The change that makes or breaks a DAO

This breakaway from the seed of the company, in terms of the treasury and overall,  is what truly sets DAOs apart. It’s not just the democratized voting but the community-initiated breakaway from centralized control.  

“Voting should be the tool that the people within the organization use. But you can’t say you’re a DAO  just because of a voting mechanism. Really, you need to build out your organization to break away from those five guys that launched the protocol. And fill it with community members, decentralized nobodies, to perform these roles. And then you could call yourself a DAO. Even if you’re not voting on everything left and right, you need to make sure that you’re voting on the things that are critical,” says Red.

It’s DAO or never

The existence of DAOs isn’t something new to 2020 or 2021. In fact, a major DAO story took place in 2016 after it suffered severe breaches of security and plummeted in credibility. What is it about this time in the history of the digital landscape that has DAOs on everyone’s lips? 

“Well, for one, I think just the rise of viable projects,” says Red. “As opposed to before, like in 2017 with the ICO boom. All the fundraising was based on whitepaper promises of building something with little delivery. It’s kind of hard to have a DAO when you don’t even have a product.”

However, today it is a different story. The decentralized development community is in full bloom, with projects catching major traction from mainstream investors and platforms. 

Red even tied in DeFi developments which help push forward DAOs.

“You know, you have the rise of yield farming where tokens are almost issued for free in a sense, as long as you kind of deposit liquidity with a protocol, you can farm for tokens and get them for free. Well, that inspires participation because something is given for free. Then people ask, what can this do? Can I participate?”

Moreover, more people are “internet-facing,” as Red described in light of the global pandemic.

“You see a lot of the news people refusing to return to a normal, day-to-day cubicle office life. DAO work is online, very much catering to work from home. Almost comparable to Uber in the sense that anybody can pick up and do it, right. Like if I have a car, right, all I do is connect to this app, and now I have a job. As long as I’m not like a horrible driver, right? It’s very empowering,” he says.

A place for exploration

In a time when people seek out new grooves for their digital identity, DAOs offer a place for that exploration. 
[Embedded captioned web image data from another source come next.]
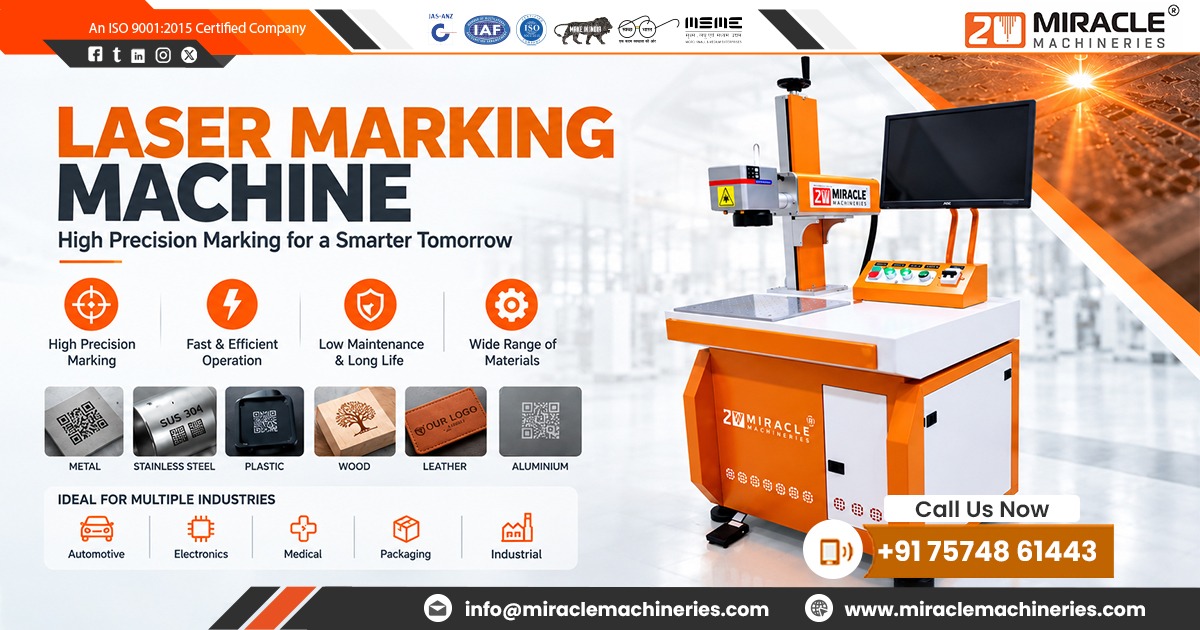 Laser Marking Machine Supplier in Bhopal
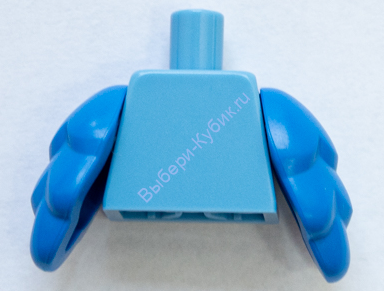 Деталь Лего Торс Без Рисунка Цвет Голубой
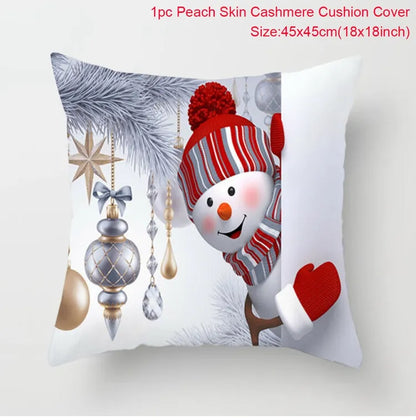 Merry Christmas Cushion Cover Christmas Decorations for Home 2024 Christmas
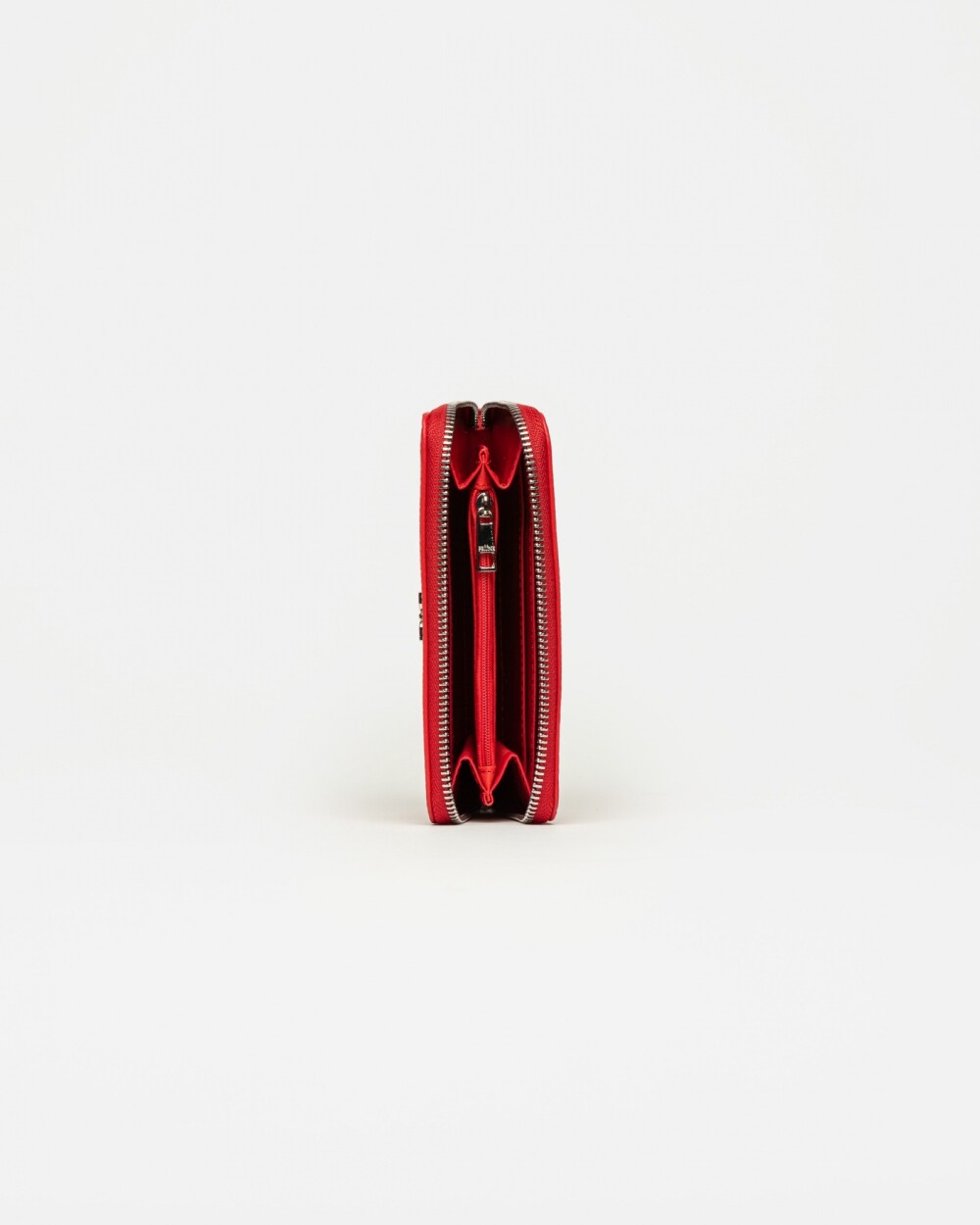 Billetera Mint en efecto cuero Rojo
“Decentralization welcomes the nobody, which everybody is very comfortable with being a nobody. Look at the internet – keyboard courage, right? So it’s definitely very welcoming that someone can join a crypto project where people tend to be very friendly and helpful.  Anybody can work at a DAO without discrimination of you know, race, religion, creed, whatever. You’re a nobody. Right. And these nobodies can have a lot of power. Like me, I’m nobody.”

Red mentions that despite his lack of initial technical knowledge, his contributions to his DAO in other ways is something many need in order to push through this surge of DAO interest. 

“You know, so everybody, all these organizations need developers, but they also need risk managers, they need networkers, they need communicators and customer services and document writers, right. It can’t just be all developers,” he says.

“In the end, it’s actually the DAOs that are more powerful in a sense than the developers who initially deploy the product protocol. Because eventually, the code is going to be perfected, to a point where the majority of the work being done is actually done by your decentralized organization, not by the developers themselves.”

With such a community-centered spirit, the entrance of DAOs into the mainstream limelight is complimentary. The variety of DAOs in existence also continues its expansion.